Dataset records:
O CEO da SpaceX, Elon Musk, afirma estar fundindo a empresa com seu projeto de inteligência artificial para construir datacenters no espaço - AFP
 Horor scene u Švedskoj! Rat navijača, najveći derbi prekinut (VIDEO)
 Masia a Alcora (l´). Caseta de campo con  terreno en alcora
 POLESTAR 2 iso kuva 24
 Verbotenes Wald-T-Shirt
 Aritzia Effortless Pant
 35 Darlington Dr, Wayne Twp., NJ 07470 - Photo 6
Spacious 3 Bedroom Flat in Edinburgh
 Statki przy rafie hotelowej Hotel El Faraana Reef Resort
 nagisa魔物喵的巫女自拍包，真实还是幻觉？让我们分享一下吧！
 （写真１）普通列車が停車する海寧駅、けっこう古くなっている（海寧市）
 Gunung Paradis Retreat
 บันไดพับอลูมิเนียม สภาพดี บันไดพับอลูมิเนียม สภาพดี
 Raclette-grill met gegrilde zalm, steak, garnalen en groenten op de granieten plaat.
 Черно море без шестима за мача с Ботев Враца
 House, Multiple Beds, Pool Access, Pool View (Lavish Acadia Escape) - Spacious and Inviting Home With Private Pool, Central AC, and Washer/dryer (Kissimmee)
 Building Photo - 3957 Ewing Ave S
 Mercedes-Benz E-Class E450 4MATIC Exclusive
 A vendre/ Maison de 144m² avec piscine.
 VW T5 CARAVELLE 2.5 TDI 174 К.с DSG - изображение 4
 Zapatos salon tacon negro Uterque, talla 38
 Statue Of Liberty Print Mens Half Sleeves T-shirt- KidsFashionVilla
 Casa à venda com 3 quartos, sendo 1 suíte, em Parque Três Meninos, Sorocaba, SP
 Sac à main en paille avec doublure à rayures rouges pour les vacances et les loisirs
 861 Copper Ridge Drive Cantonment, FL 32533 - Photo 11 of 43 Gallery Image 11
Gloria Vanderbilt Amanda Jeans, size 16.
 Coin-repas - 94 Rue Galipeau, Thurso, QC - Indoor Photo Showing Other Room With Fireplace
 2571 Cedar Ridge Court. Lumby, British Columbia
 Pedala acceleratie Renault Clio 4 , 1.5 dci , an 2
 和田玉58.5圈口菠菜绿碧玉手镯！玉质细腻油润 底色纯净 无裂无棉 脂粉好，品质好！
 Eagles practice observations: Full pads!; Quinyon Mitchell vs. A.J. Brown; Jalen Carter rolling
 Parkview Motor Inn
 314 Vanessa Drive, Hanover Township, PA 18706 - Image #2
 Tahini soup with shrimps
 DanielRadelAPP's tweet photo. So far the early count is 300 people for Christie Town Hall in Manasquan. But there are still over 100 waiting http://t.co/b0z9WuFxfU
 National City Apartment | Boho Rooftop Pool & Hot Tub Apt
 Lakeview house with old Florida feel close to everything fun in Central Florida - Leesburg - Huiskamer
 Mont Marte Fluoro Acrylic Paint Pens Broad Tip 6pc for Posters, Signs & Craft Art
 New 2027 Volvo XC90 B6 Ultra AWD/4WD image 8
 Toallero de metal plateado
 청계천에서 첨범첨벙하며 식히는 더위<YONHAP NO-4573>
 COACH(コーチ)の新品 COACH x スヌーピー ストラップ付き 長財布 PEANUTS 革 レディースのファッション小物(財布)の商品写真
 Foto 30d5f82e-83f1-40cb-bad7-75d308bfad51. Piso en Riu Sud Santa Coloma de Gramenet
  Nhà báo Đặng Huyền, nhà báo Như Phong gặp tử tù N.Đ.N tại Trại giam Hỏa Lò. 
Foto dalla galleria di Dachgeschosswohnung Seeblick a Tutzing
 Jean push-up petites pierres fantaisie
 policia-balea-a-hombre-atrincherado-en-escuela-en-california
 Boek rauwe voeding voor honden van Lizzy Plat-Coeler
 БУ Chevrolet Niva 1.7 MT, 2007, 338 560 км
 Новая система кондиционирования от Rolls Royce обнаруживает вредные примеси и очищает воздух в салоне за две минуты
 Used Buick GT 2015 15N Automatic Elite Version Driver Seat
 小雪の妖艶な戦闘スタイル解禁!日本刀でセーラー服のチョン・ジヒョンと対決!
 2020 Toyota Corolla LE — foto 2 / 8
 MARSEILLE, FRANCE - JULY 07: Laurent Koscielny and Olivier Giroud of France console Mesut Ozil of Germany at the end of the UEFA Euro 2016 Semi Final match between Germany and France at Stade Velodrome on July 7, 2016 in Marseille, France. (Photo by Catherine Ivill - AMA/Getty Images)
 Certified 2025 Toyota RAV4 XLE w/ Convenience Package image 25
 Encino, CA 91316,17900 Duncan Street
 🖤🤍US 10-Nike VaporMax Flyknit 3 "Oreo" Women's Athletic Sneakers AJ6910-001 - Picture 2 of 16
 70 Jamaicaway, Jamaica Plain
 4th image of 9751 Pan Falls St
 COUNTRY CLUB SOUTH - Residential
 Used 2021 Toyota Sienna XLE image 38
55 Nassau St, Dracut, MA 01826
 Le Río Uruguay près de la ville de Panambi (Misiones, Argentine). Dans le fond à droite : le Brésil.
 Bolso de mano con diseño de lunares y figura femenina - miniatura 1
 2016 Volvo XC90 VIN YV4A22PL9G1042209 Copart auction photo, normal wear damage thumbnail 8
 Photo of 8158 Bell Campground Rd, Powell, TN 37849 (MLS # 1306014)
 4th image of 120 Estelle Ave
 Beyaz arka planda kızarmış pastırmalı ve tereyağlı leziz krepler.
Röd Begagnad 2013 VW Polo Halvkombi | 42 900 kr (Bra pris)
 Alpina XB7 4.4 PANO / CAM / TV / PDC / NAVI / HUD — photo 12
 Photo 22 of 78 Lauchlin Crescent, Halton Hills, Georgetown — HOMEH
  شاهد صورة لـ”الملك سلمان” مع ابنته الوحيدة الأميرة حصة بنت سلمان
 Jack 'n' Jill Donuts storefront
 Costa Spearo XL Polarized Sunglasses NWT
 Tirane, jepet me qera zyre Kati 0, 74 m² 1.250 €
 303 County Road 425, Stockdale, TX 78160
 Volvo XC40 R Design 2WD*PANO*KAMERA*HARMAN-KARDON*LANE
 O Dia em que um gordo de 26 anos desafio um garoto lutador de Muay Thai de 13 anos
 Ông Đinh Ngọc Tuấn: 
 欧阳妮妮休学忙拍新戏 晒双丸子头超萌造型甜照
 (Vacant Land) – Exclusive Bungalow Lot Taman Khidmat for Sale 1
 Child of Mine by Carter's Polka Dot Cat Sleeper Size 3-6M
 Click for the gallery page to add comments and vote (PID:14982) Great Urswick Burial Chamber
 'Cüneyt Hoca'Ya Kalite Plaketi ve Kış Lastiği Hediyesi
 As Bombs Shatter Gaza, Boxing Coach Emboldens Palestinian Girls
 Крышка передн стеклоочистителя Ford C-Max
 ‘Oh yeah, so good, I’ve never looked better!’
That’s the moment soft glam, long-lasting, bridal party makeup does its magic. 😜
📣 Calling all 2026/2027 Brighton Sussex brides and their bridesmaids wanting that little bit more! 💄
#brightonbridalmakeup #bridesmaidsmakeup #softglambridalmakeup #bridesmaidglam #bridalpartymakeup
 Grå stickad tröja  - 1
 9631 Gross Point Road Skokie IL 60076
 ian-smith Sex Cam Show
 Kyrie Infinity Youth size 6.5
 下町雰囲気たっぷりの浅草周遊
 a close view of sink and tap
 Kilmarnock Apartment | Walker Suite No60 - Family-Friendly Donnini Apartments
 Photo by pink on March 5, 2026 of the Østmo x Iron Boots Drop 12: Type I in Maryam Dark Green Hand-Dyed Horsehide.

Required work: Tally the lines of the data that contain the word "Spacious", and give only that tally.

Result: 2